Aim of the exercise: Write out the data word for word and drop any picture you find.

Supplied material:
○ ○ ○ ○
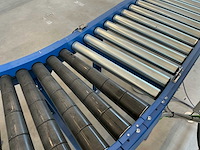 2025 arnott conveyors qc30349 rollenbaan 35m - afbeelding 9 van  13
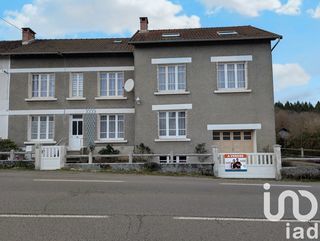  Maison � vendre 7 pi�ces 150 m�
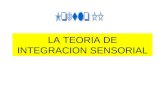 Sesion 6-Teoria de Integracion Sensorial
○ ○ ○ ○
Response area:
 2025 arnott conveyors qc30349 rollenbaan 35m - afbeelding 9 van  13
  Maison � vendre 7 pi�ces 150 m�
 Sesion 6-Teoria de Integracion Sensorial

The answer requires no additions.